The Digital Services Act and EU consumer‑protection rules also matter. Labelling something as an “expert review” when no expert is involved could be read as a misleading commercial practice, particularly if the UI nudges users to trust the output more than they otherwise would.
This opens a door for European alternatives. Tools like DeepL Write, LanguageTool (from Germany) or smaller regional startups can differentiate by aligning tightly with EU norms: explicit consent for any named personas, clear separation between generic AI suggestions and real human editors, and perhaps collective licensing deals with publishers.
For European media houses — from London to Ljubljana and Zagreb — this is a wake‑up call. If you don’t define how your journalists’ names and styles may be used in AI products, someone else will.
Looking ahead
What happens next is fairly predictable.
On the product side, Grammarly will likely dial back the riskier aspects of Expert Review. Expect softer branding (“perspectives inspired by…”), genericised personas (“the investigative journalist”, “the historian”) or, in the best case, opt‑in programmes where real experts are paid and given veto rights over how their names are used.
On the regulatory side, the timing is bad for this kind of experiment. As the AI Act transitions from text to enforcement, national authorities will be looking for test cases. A high‑profile consumer app that markets AI‑generated feedback as if it came from unaffiliated humans is an inviting target for guidance, if not formal action.
Publishers and creator organisations are also likely to react. We’ve already seen lawsuits around training data (Getty vs. Stability AI, the New York Times vs. OpenAI). The next wave may focus less on what models were trained on and more on how models are packaged: names, voices, styles and implied endorsements.
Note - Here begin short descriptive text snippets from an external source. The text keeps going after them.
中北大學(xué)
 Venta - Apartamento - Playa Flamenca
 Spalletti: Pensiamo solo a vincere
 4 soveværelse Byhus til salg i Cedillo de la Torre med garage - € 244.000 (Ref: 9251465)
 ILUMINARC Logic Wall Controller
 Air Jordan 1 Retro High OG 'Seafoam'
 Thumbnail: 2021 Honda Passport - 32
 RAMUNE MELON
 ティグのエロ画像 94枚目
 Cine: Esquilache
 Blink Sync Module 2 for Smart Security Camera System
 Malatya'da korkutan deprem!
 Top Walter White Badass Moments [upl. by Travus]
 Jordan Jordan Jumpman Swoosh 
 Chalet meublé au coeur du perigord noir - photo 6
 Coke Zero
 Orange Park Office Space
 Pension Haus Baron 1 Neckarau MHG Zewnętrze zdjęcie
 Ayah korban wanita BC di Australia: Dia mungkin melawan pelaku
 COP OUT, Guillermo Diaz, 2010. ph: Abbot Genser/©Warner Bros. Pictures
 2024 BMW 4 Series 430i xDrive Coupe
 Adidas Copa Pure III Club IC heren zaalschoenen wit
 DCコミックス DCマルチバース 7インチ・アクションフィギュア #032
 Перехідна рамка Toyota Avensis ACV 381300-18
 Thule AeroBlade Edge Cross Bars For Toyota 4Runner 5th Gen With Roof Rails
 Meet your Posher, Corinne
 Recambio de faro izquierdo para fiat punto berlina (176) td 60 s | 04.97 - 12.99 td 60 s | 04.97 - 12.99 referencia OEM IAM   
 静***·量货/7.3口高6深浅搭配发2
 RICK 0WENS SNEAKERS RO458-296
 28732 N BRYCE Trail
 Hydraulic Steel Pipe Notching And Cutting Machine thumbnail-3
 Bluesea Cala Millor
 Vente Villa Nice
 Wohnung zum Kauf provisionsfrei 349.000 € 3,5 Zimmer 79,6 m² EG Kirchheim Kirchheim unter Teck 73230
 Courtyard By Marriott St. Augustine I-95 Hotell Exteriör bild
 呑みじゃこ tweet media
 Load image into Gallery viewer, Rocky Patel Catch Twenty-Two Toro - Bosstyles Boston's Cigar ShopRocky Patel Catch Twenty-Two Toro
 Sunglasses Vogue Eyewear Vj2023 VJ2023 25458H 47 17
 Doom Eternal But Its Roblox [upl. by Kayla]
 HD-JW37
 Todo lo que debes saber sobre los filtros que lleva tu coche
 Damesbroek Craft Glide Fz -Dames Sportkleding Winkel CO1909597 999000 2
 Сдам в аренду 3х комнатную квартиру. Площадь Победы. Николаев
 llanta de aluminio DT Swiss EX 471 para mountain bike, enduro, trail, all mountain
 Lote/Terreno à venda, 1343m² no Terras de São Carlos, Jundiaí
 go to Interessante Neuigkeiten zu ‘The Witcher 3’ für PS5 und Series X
Users, meanwhile, should expect the interface of AI tools to become more legally conservative: more labels, clearer disclaimers, and perhaps a retreat from using real individuals as front‑end decoration.
The open questions are uncomfortable:
- Do individuals have enforceable rights over their “style” or “persona” when copied by a machine?
- How much anthropomorphism is acceptable before an AI system becomes unreasonably deceptive?
- And who gets to decide what counts as an “expert” in the first place?
The bottom line
Grammarly’s Expert Review isn’t a catastrophic scandal, but it is a revealing one. It shows how quickly generative AI products will spend other people’s reputation to make their models feel smarter and safer than they really are. If “expert” no longer means a real person taking real responsibility, the word becomes just another UI gimmick.
The real test for the industry — and for European regulators — is simple: will we insist that AI systems earn trust through performance and transparency, or let them borrow it from people who never agreed to the deal?